▶ Work task
Before you write out the listing, remove the pictures; everything else stays exactly as it is.

▶ Material provided
--- START ---
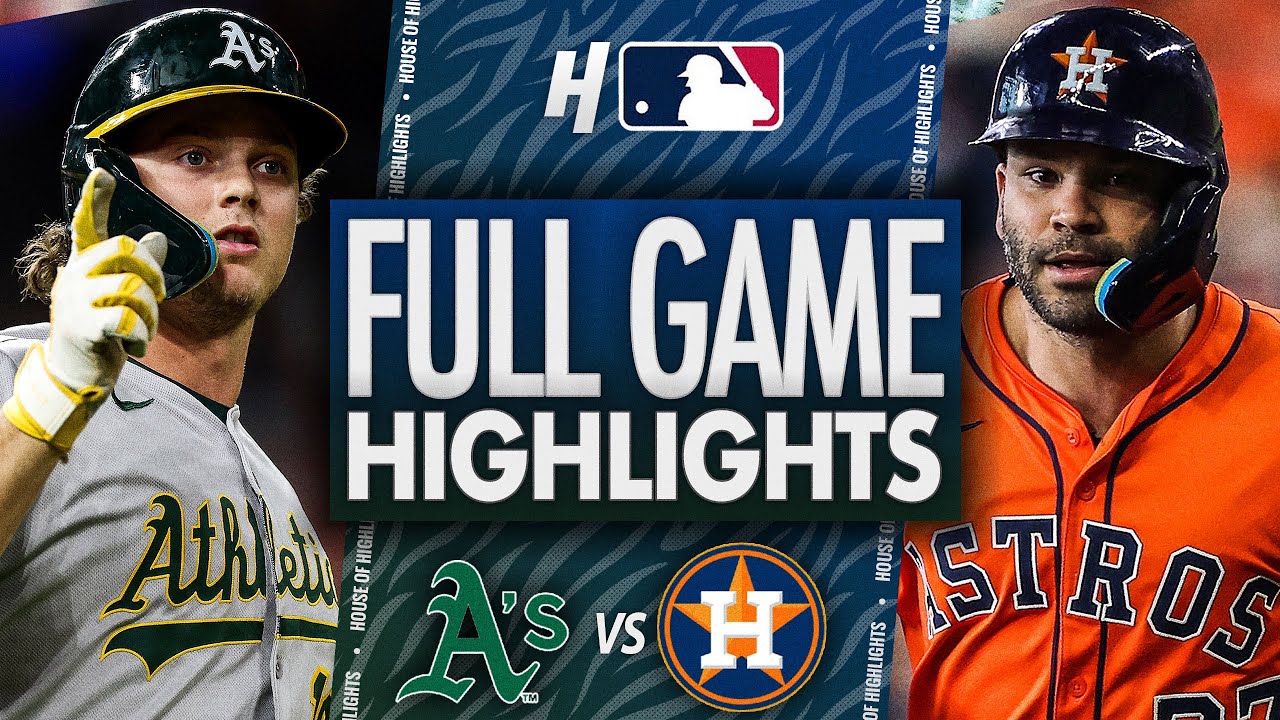 Athletics vs Houston Astros - FULL GAME HIGHLIGHTS | July 25, 2025 MLB Season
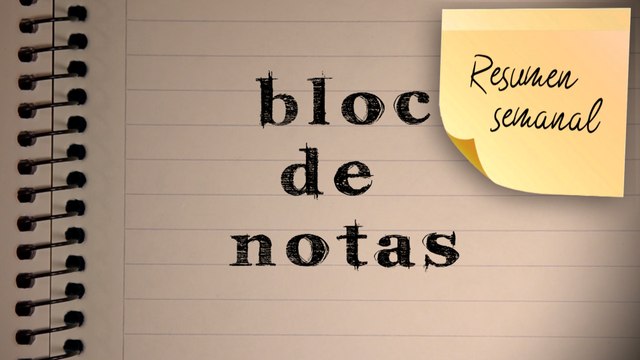 BLOC DE NOTAS SEMANAL - PROG 98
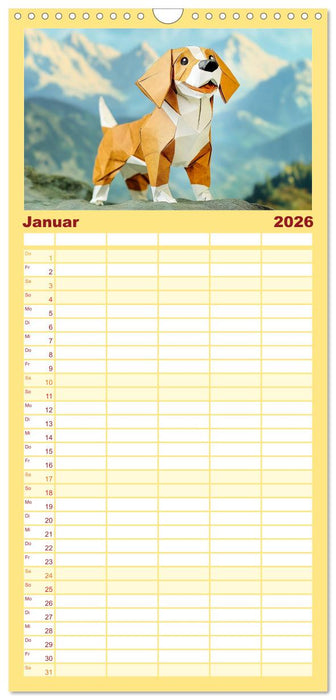 Wenn Papier zum Leben erwacht (CALVENDO Familienplaner 2026)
--- END ---
▶ Problem solution
 Athletics vs Houston Astros - FULL GAME HIGHLIGHTS | July 25, 2025 MLB Season
 BLOC DE NOTAS SEMANAL - PROG 98
 Wenn Papier zum Leben erwacht (CALVENDO Familienplaner 2026)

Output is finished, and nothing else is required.